RECORD EXCERPTS below:
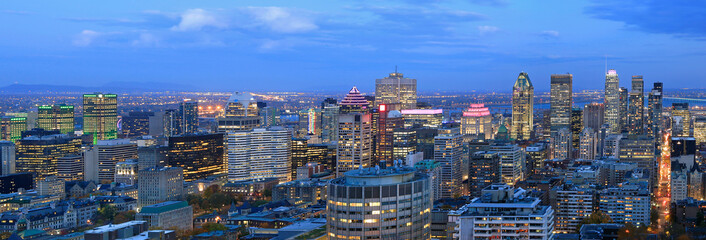 Aerial view of Montreal skyline in autumn illuminated at dusk, Quebec, Canada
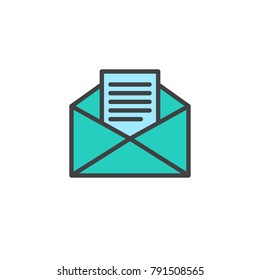 Open envelope mail filled outline icon, line vector sign, linear colorful pictogram isolated on white. Message symbol, logo illustration. Pixel perfect vector graphics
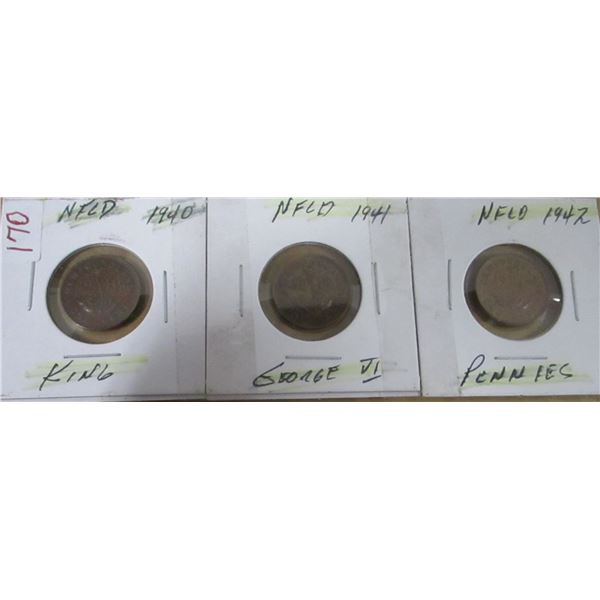 1940, 1941 & 1942 NEWFOUNDLAND PENNIES
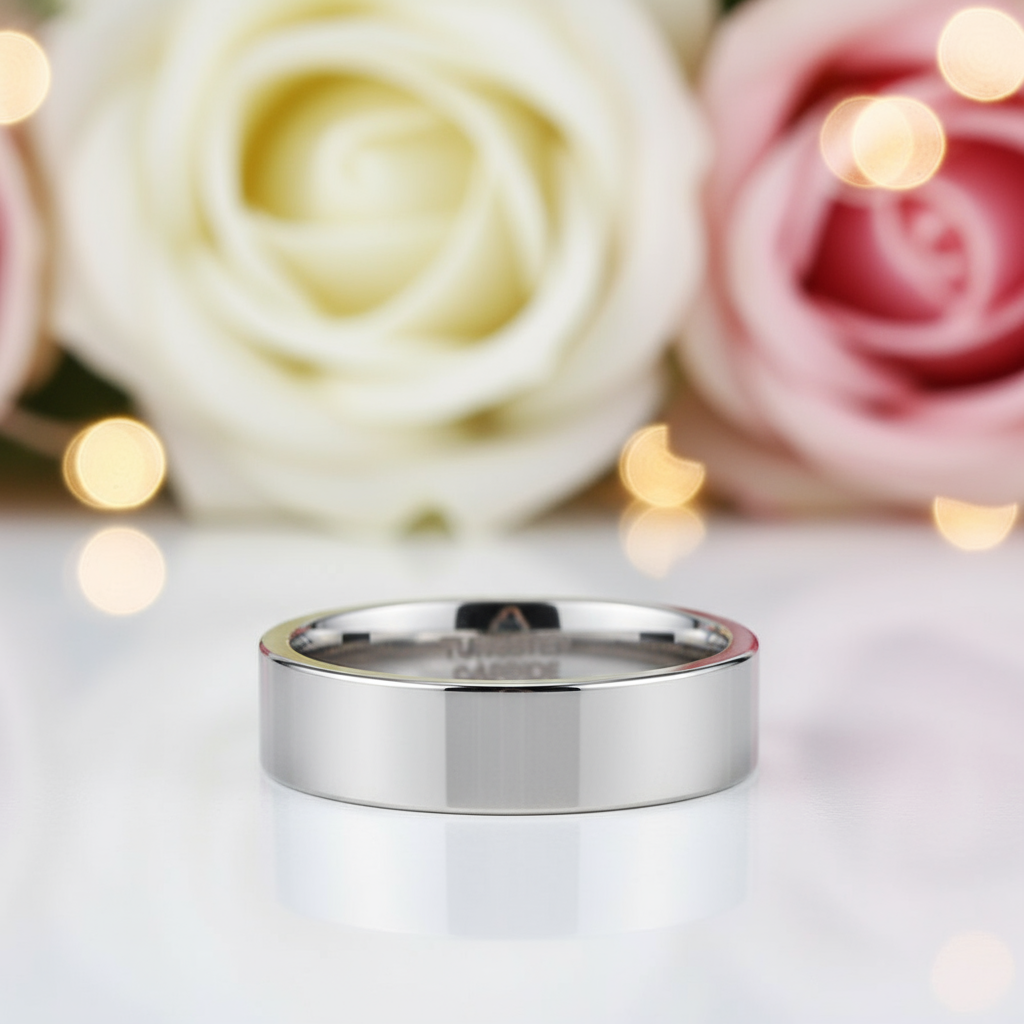 Flat 8mm Tungsten Carbide Wedding Band-Black Diamonds New York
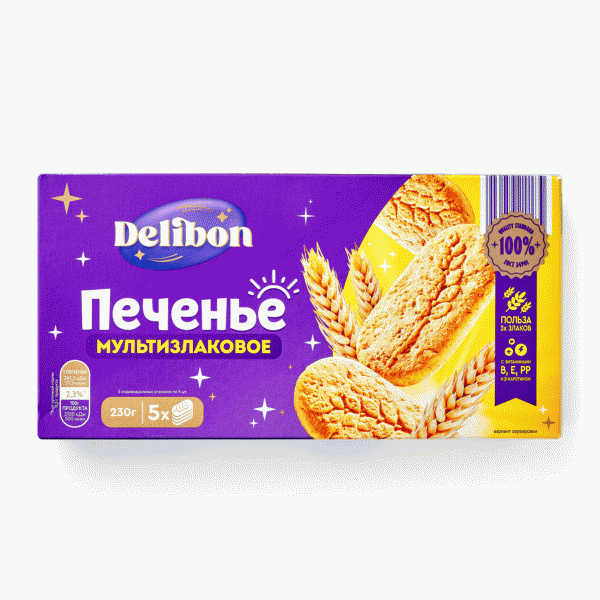 Печенье DELIBON мультизлаковое 230г - в магазине «Чижик»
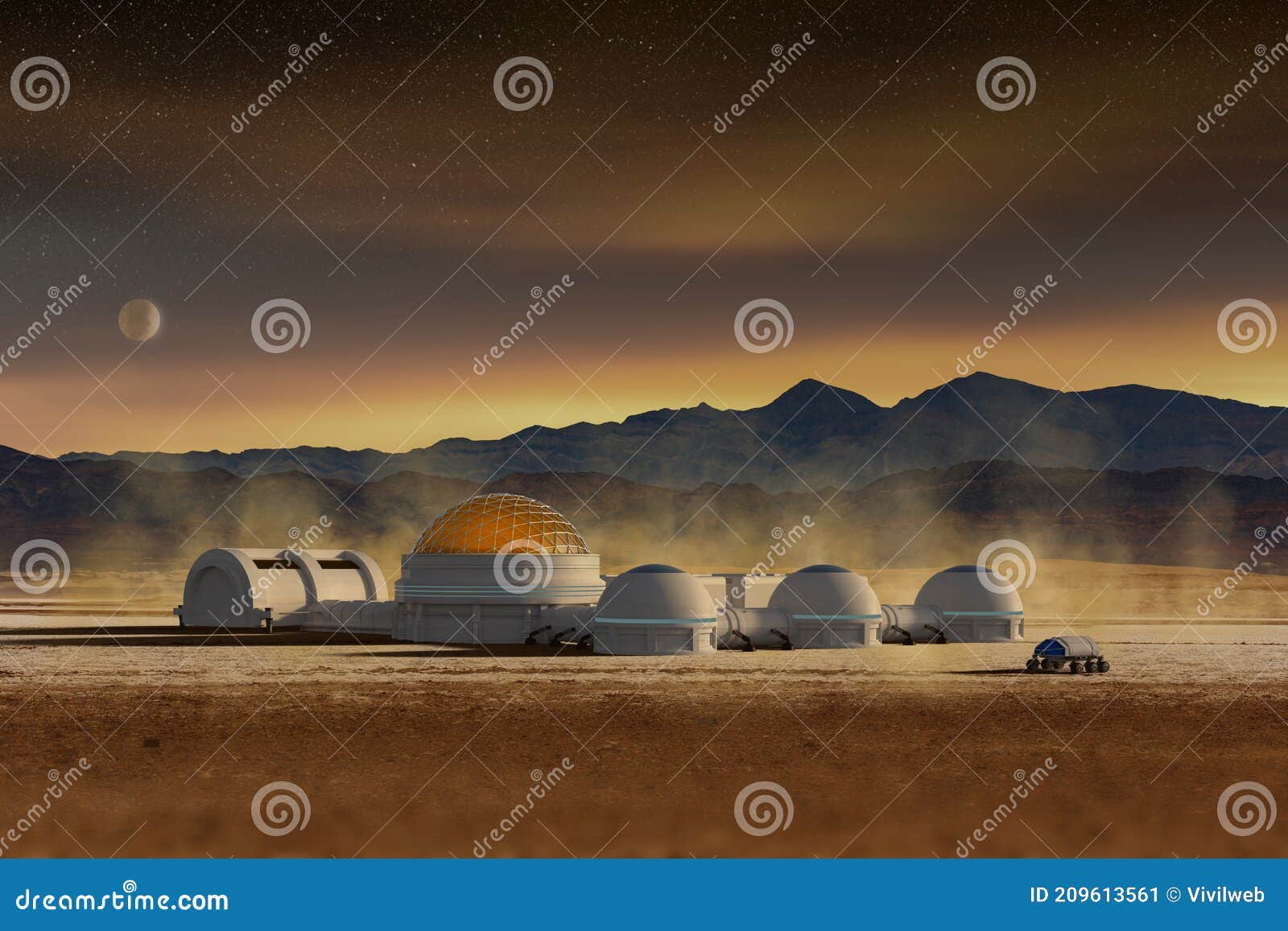 martian or extraterrestrial human colony and research habitat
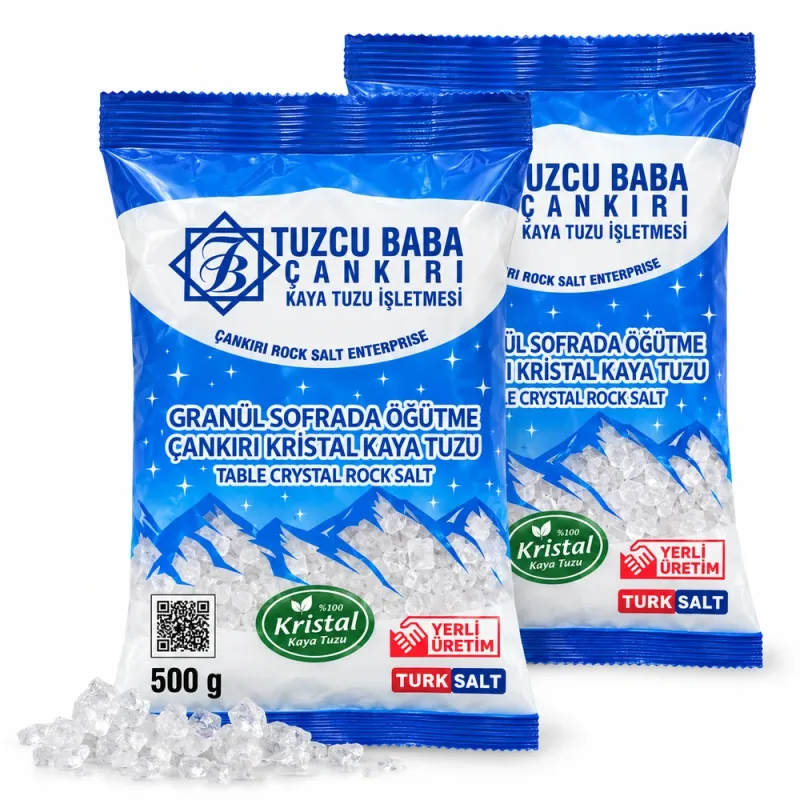 1 Kg Granül İri Sofrada Öğütme Çankırı Kristal Kaya Tuzu – 2 × 500 g ürün görseli 1 Kg Granül İri Sofrada Öğütme Çankırı Kristal Kaya Tuzu – 2 × 500 g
End of RECORD EXCERPTS.
* WHAT IS EXPECTED *
Repeat all of the data above word for word, minus the pictures.

* RESULT FOR THIS EXERCISE *
 Aerial view of Montreal skyline in autumn illuminated at dusk, Quebec, Canada
 Open envelope mail filled outline icon, line vector sign, linear colorful pictogram isolated on white. Message symbol, logo illustration. Pixel perfect vector graphics
 1940, 1941 & 1942 NEWFOUNDLAND PENNIES
 Flat 8mm Tungsten Carbide Wedding Band-Black Diamonds New York
 Печенье DELIBON мультизлаковое 230г - в магазине «Чижик»
 martian or extraterrestrial human colony and research habitat
 1 Kg Granül İri Sofrada Öğütme Çankırı Kristal Kaya Tuzu – 2 × 500 g ürün görseli 1 Kg Granül İri Sofrada Öğütme Çankırı Kristal Kaya Tuzu – 2 × 500 g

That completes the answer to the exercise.